_What is required_
Look in the material below for the line with "Used 2024 Toyota Tacoma TRD Sport image 8" and the line with "403 Cedar Ave — Photo 2", then set down exactly those two lines and all lines between, nothing more.

_Available records_
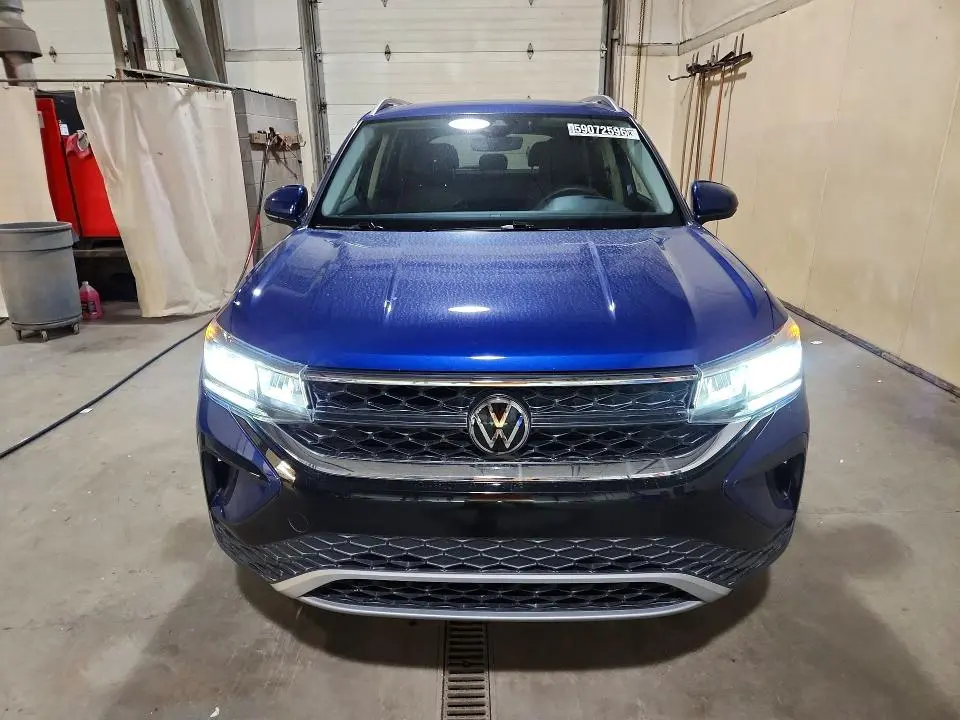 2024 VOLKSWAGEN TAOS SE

==

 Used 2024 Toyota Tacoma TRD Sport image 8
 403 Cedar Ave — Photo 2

==

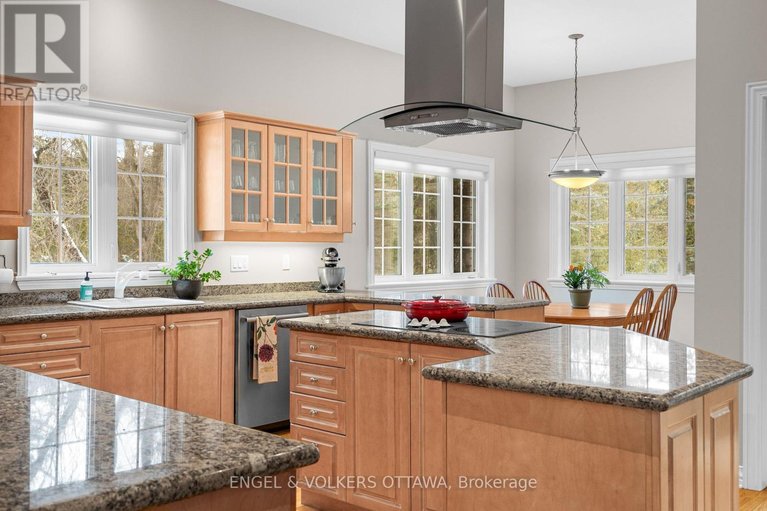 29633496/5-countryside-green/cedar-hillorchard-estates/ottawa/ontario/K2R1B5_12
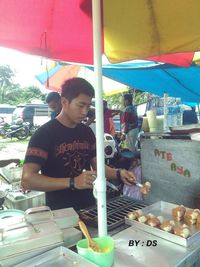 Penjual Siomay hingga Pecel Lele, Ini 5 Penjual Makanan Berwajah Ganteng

_Your solution_
 Used 2024 Toyota Tacoma TRD Sport image 8
 403 Cedar Ave — Photo 2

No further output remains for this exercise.